I was about to print something today and decided to compare printing it with the A1 vs the H2D, because surely my H2D will be at least a little bit faster. But in the slicer, I’m seeing the H2D come in at 40 minutes longer to print - 24% longer than the A1.
Both are using PETG, 0.4mm nozzle, 0.20 Standard profile. I went over the settings of the profiles and they are mostly the same, except the H2D has a few settings which in theory should make it faster.
Let’s just ignore that comment, it was merely a belief - backed by no evidence. I thought I had read it somewhere, but maybe it had only been related to multi-color prints.
However, it being slower than the A1 is still surprising. I’d expect it to be the same or within a few percent. 24% slower is surprising given it has the same print settings.

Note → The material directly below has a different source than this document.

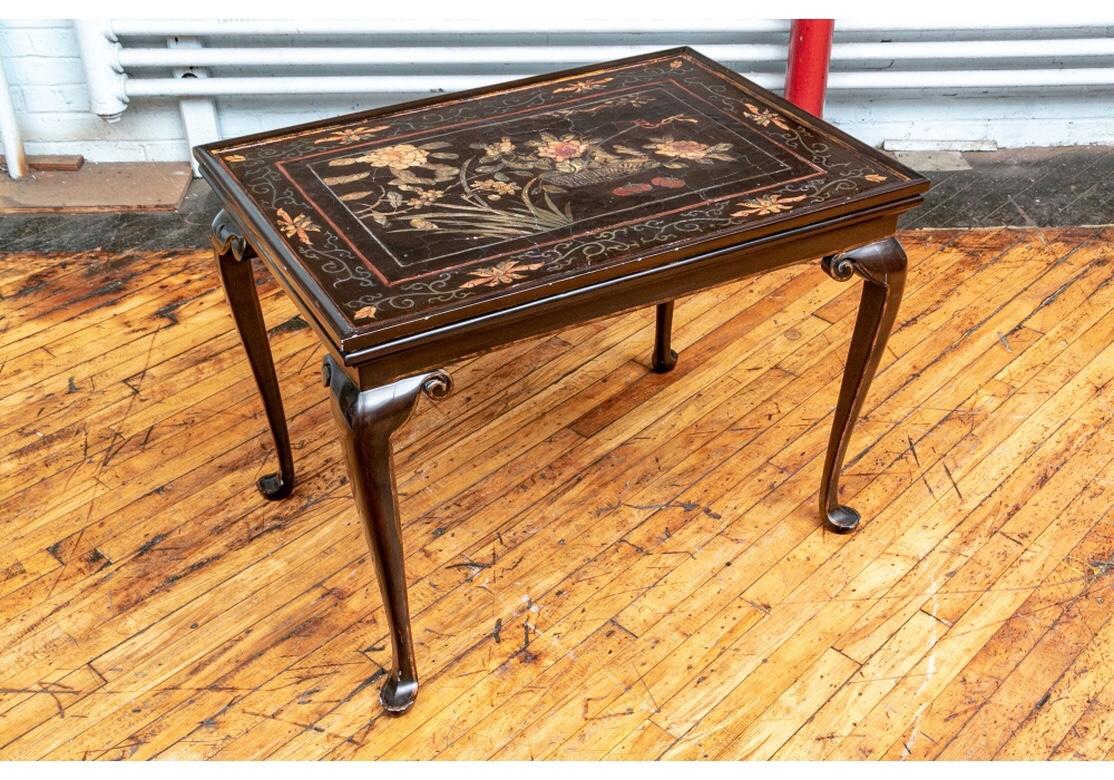Ancienne table à thé de style Queen Ann Bon état - En vente à Bridgeport, CT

I just tried slicing the same part for the A1 and H2D and the H2D was actually slightly faster. With the 0.2mm standard profile the H2D actually has more aggressive acceleration and speed, so maybe in your case it’s a bug in the slicer?
This is a known “issue”, and it is expected. The tool head is much heavier.
The default printing profiles are also considerably slower, likely for the same reason. You’d need to tune them appropriately to find out the limits. Bambú default settings are conservative
It is NOT a heavier printhead. There are slicer setting’s and issues we have seen. They need to update slicer .12 had big time changes .16 was the same as p1s and h2d .20 the same. If it was weight it would affect proportionally across all settings
They do not have the same settings. Narrow thin tall object probably means longer layer time, which it does have a longer time per layer. You can also look at the speed setting to see what speeds are actually being used, as you can see it is using a slower speed.
I can’t post images or links, so… you just have to find it yourself under settings. Thanks bambu!
Right now I’m basing the speed comparison entirely on the estimate from the slicer, not necessarily the real-world experienced speed (I didn’t need two of this part).
Distance to travel doesn’t make much sense, once the toolhead is in the right place, it’s distance to travel would be the same (within a few percent) as any other printer for the same part. As shown in the original screenshot, the Travel time is actually much faster on the H2D than the A1, it’s the walls/infill that take a lot longer.
The weight of the toolhead shouldn’t matter? I mean, I can see how maybe it could matter - but then I’d expect the H2D profile to be tuned to have slower speeds.
I’m running the latest release of Bambu Studio, Version 2.0.3.54.
For reference here again are the slicer’s time/filament usage estimates (from my original screenshot).
We see here that walls and infill are a lot slower on the H2D, but travel time is much faster on it (or better said, less time is spent on it). The A1 burns 31% of it’s time on Travel, the H2D only 13%.
Looking at the profiles for each of them, these were the differences:
Speed & Acceleration Differences
H2D
A1
Sparse Infill Speed
350 mm/s
270 mm/s
Travel Speed
1000 mm/s
700 mm/s
Normal Printing Accel.
8000 mm/s²
6000 mm/s²
Elephant Foot Comp.
0.15 mm
0.075 mm
Precision Settings
H2D
A1
Elephant Foot Compensation
0.15 mm
0.075 mm
Advanced Settings
H2D
A1
Smooth Coefficient
4
80
Everything else — including wall setup, shell configuration, infill type/density, prime tower, flush settings, line widths , seam options , precision (except elephant foot) , ironing , and wall generator — is identical between the two profiles.
The problem is with PETG HF mainly as with PLA Basic its faster on H2D. This comes down to higher hot end temp (for faster printing) + longer layer time (for better quality), left is H2D right is A1.
What you can do is tick off “slow down for better layer cooling” on the PETG HF filament profile, and you will get faster print speed on H2D compared to A1. You will have to test to see if the quality suffers.
This is mainly due to the thin wall tall item, if it was a bigger print you would not run into this issue.
I personally would print it with the stock settings, but this gives you an insight to what is going on. Hope this answers you question.
TLDR: H2D is optimized to print fast but with good quality. On some specific prints (thin walls with PETG HF) it will be slower, but overall should be faster with better quality walls.
Good digging here, it’s appreciated. It was mostly curiosity. Anyone following along at home, ticking this off changes the print time from 3h26m to 1h51m.
The problem is with PETG HF mainly as with PLA Basic its faster on H2D
I wasn’t expecting such a big change between PETG and PLA too.
I personally would print it with the stock settings, but this gives you an insight to what is going on. Hope this answers you question.
Agreed. Thanks again, learned some new things today.